So redete Juliane zu und wollte eine Artigkeit damit sagen, indem sie ihr Opfer so gering darstellte, als es ihr erschien. Dennoch fühlte sich der abgewiesene Freier etwas beengt, nahm am weiteren Gespräch wenig Anteil, und als er nur einmal mit den gefüllten Gläsern angestoßen und die erste Flasche leer war, ergriff er die Gelegenheit, sich zu empfehlen und auf den Rückweg zu begeben.

»Das hat Hitz' gekostet, den abzufertigen«, meinte indes Juliane. »Er hat gemeint, er habe das bare Geld schon im Sack. Und wie Susel Nein sagt, das Gesicht! So lang!« Und Juliane lachte wieder.

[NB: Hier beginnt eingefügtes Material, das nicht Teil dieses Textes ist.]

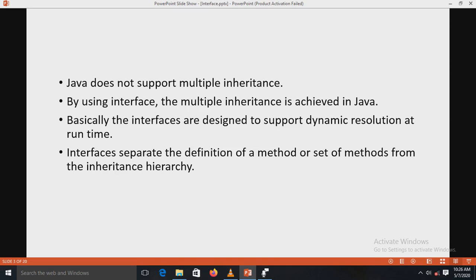For a method to be called from one class to another, both classes need to be present at compile time so the Java compiler can check that the method signatures are compatible. This requirement makes for a static and non-extensible classing environment. When functionality is provided higher in the class hierarchy, the method may be available to sub-classes. Interfaces are designed to solve this problem because an interface separates the definition of a method or set of methods from the inheritance hierarchy.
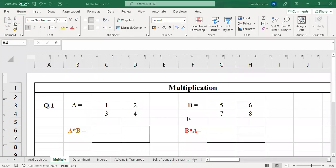Welcome to this session on solving matrix mathematics using Excel. We are learning matrices, and in the previous session we learned how to add and subtract two matrices using Excel. Now our focus will be on how to multiply two matrices. Matrix multiplication will be discussed in this session.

»Was fällt dem Menschen auch ein!« bemerkte Doktor Flax, während er sich ein Stück Schinken auf den Teller legte. »Sie hätten ihm gleich sagen sollen: nix da!«

»Was wollt ich denn mit ihm machen?« sagte Juliane. »Ich werd' sagen: nix da! Nehmen Sie doch Ihr bißchen Verstand zusammen, Doktor, es ist ja auch kein Verbrechen, – einer um den andern kriegt seinen Korb, aber wie's sich schickt, nicht unartig. Man stößt doch den Leuten nicht vor den Kopf. Der Gang ist ihm ohnehin schwer genug geworden.«

»Ja, das Herz mag ihm geklopft haben.«

»Ob's ihm geklopft hat! Er hat lang genug gebraucht, bis er das rechte Wort gefunden hat unter vier Augen, – als ob er fürchte, drin im Alkoven stecke jemand.«

»Apropos«, meinte der Doktor, mit dem Messer über die Schulter deutend, »mir ist vorhin auch gewesen, als niese jemand drinnen in ein Bettkissen. Fast hätt' ich Prosit gerufen!«

»Ah, die Katz'! Wer soll denn niesen?« fragte Juliane. »Machen Sie nur keine Sachen, Doktor, und glauben Sie nicht auch, daß sich alte Weiber in Katzen verwandeln können, oder daß es umgeht im Haus. Das Gerede, das die Bawel, unsere Magd, führt, wird mir ohnehin zu viel. Sie werden doch nicht wirklich glauben, daß meine Schwieger –«

»Bst! Ich glaub' gar nichts«, fiel der Doktor dazwischen, indem er sich nochmals vorsichtig umsah und dann einschenkte. »Wollen wir eins trinken auf den Schreck.« Auf deren Frage, wie ihm der Wein schmecke, erwiderte er, der lasse sich trinken, und fügte hinzu: »Und nun tun Sie mir den Gefallen: warum haben Sie mich für heute herbestellt?«

»Das hat schon seinen Grund, Herr Doktor«, meinte Juliane, mit der Hand über ihre Schürze fahrend, als ob sie eine wichtige Mitteilung zu machen habe, worauf sie eine Pause eintreten ließ, welche die im Hause wartende Stille merkbar machte. Nur eine Henne gackerte irgendwo draußen im Hof, triumphierend über ein gelegtes Ei, wie ein Dichterling der Welt seine neueste Tat verkündet. »Weil wir jetzt ganz unter uns sind, Herr Doktor Flax, so will ich Ihnen einmal reinen Wein einschenken. Ich hab' schon lang danach getrachtet, einem guten Freund – und Sie sind es ja schon meinem Mann selig gewesen – als alleinstehende Witfrau mein Herz auszuschütten über meine häuslichen Angelegenheiten. Sie werden selber wissen, wie viel Freier meine Susel schon abgewiesen hat. Sie könnte jetzt auch schon Frau Pfarrerin sein, wenn sie gewollt hätte; dem Vikar Heil, der vor zwei Jahren hier einmal gepredigt hat, wär' viel daran gelegen gewesen, wenn sich meine Tochter hätte entschließen können. Aber wir haben es ja anders vor. Von Kind auf ist meine Susel schon versprochen...«

»Dem scheelen Hannes«, warf der Doktor ein.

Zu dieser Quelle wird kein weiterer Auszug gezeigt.